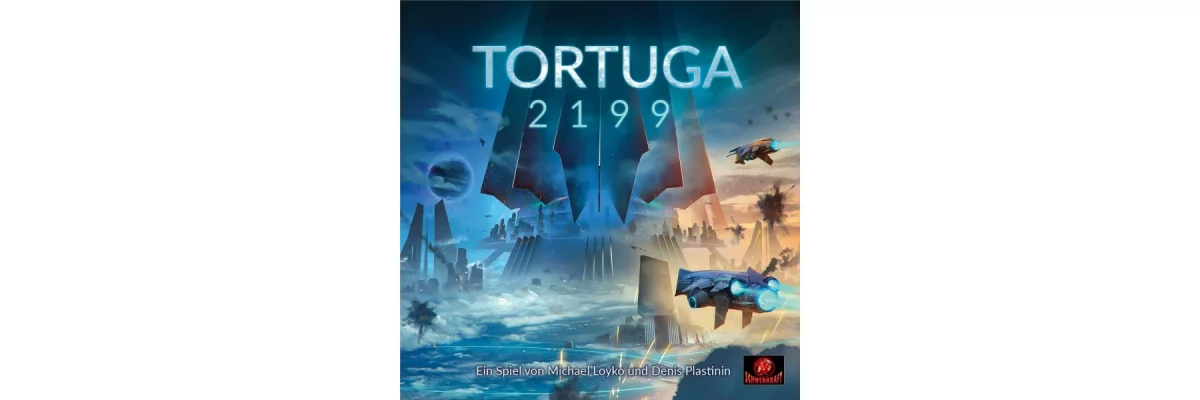 Product presentation: Tortuga 2199 [Schwerkraft-Verlag] - 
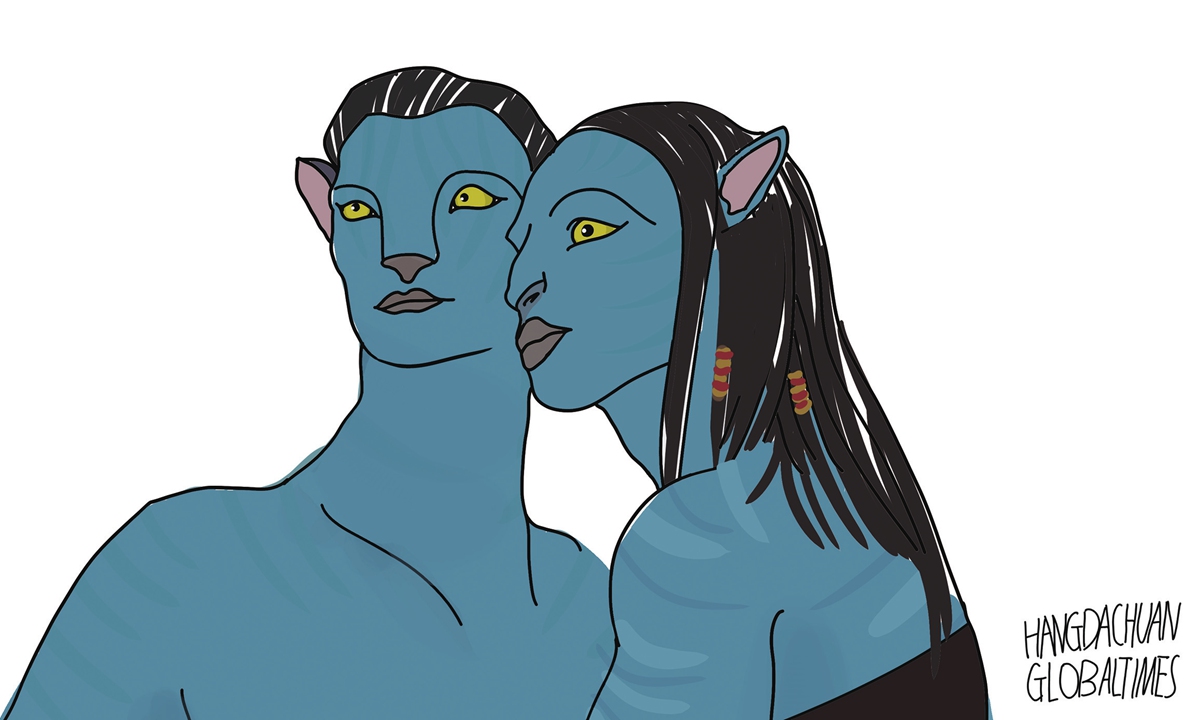 Illustration: Hang Dachuan/Global Times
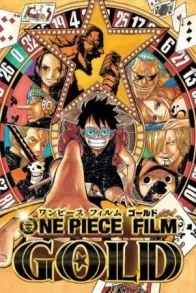 ONE PIECE FILM: GOLD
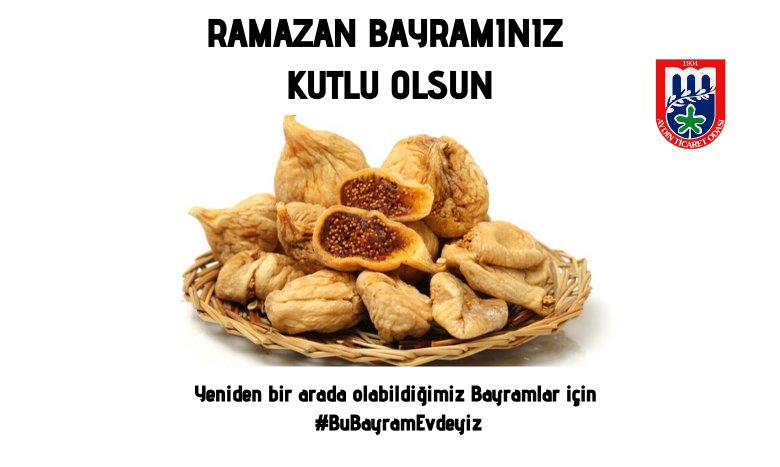 Ramazan Bayramınız Kutlu Olsun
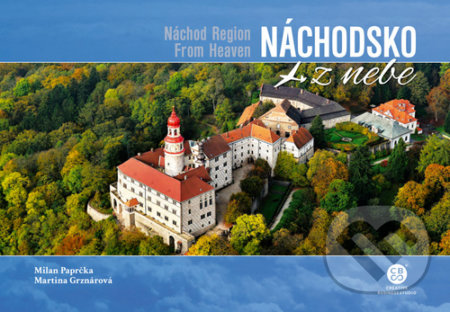 Náchodsko z nebe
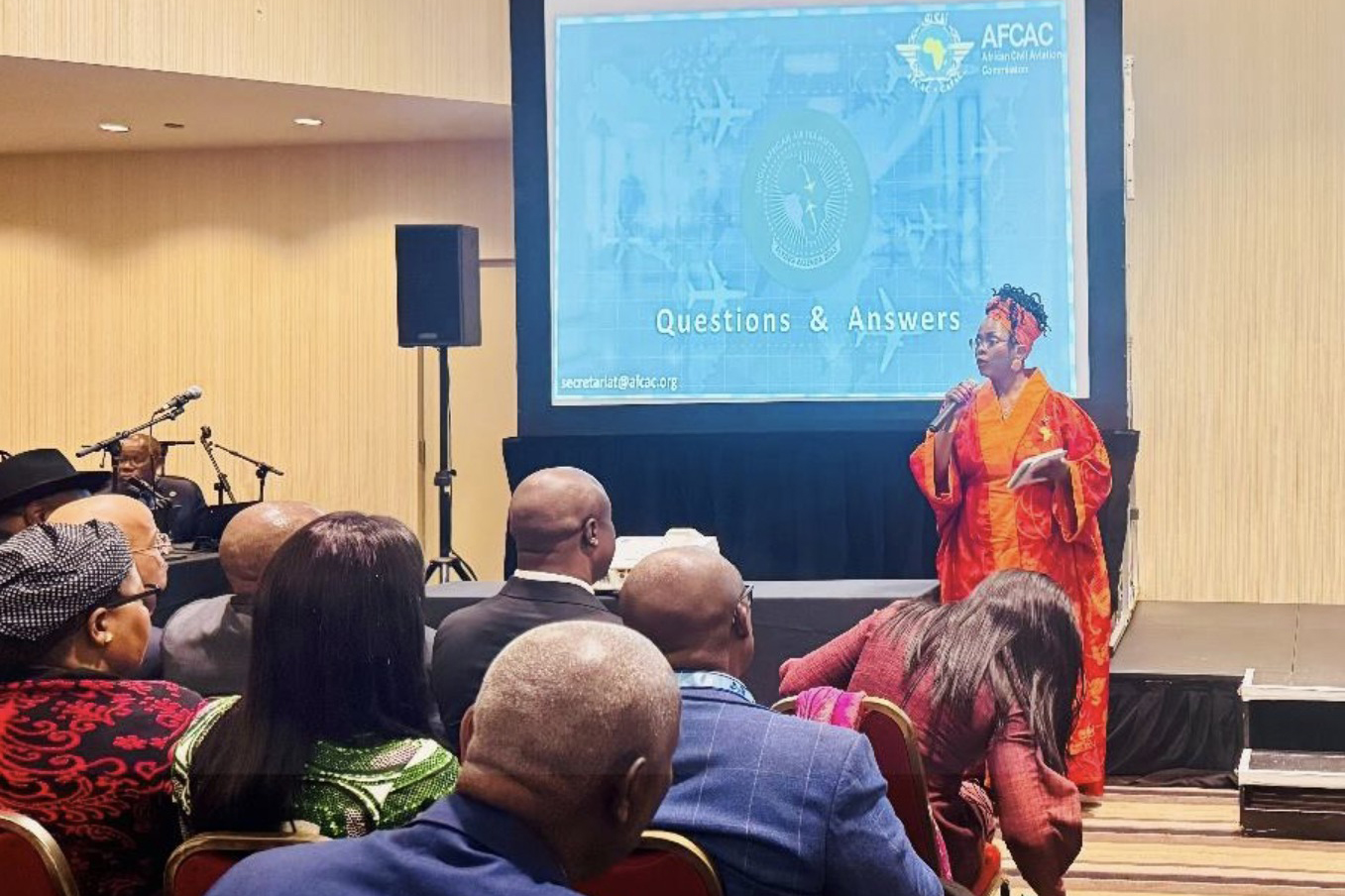 Africa Speaks with One Voice at ICAO 42nd Assembly: United for Greater Representation in Global Aviation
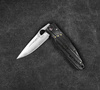 Nóż składany Mcusta Sengoku BK Micarta SPG2 9cm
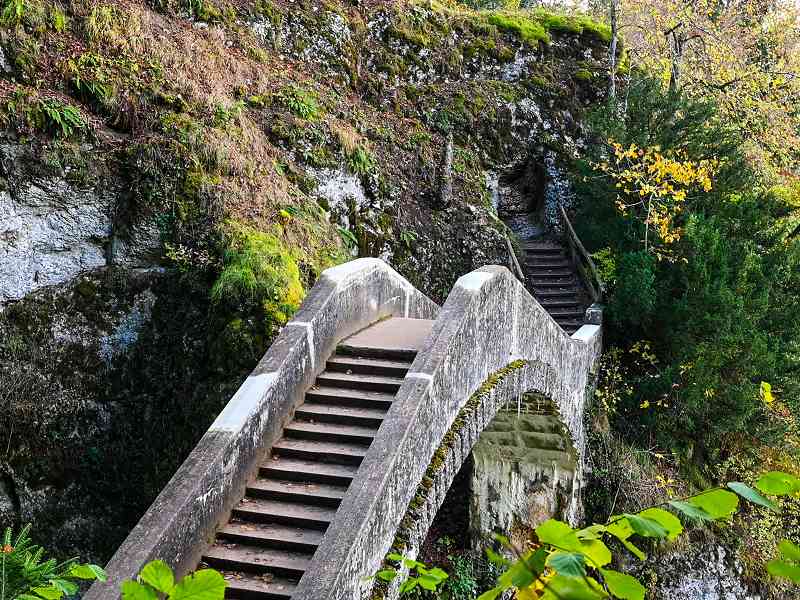 Inzigkofen Teufelsbrücke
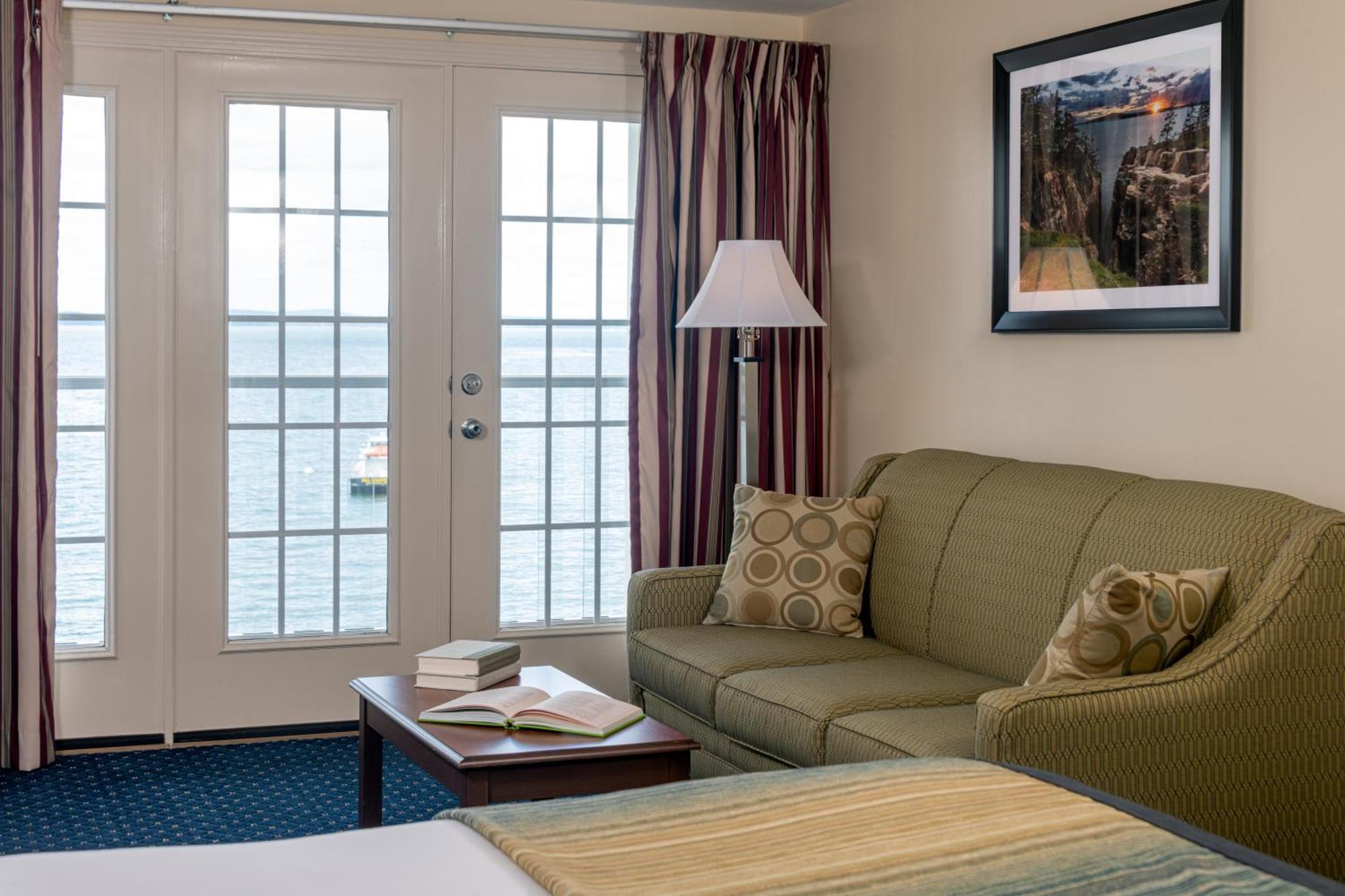 Atlantic Oceanside Hotel&Conference Center Bar Harbor Exterior foto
☆ ☆ ☆ ☆ ☆
WHAT YOU NEED TO DO — Exclude all pictures and reproduce verbatim the lines running from the line that contains "Náchodsko z nebe" to the end of the data above, both ends included.

ANSWER SPACE —
 Náchodsko z nebe
 Africa Speaks with One Voice at ICAO 42nd Assembly: United for Greater Representation in Global Aviation
 Nóż składany Mcusta Sengoku BK Micarta SPG2 9cm
 Inzigkofen Teufelsbrücke
 Atlantic Oceanside Hotel&Conference Center Bar Harbor Exterior foto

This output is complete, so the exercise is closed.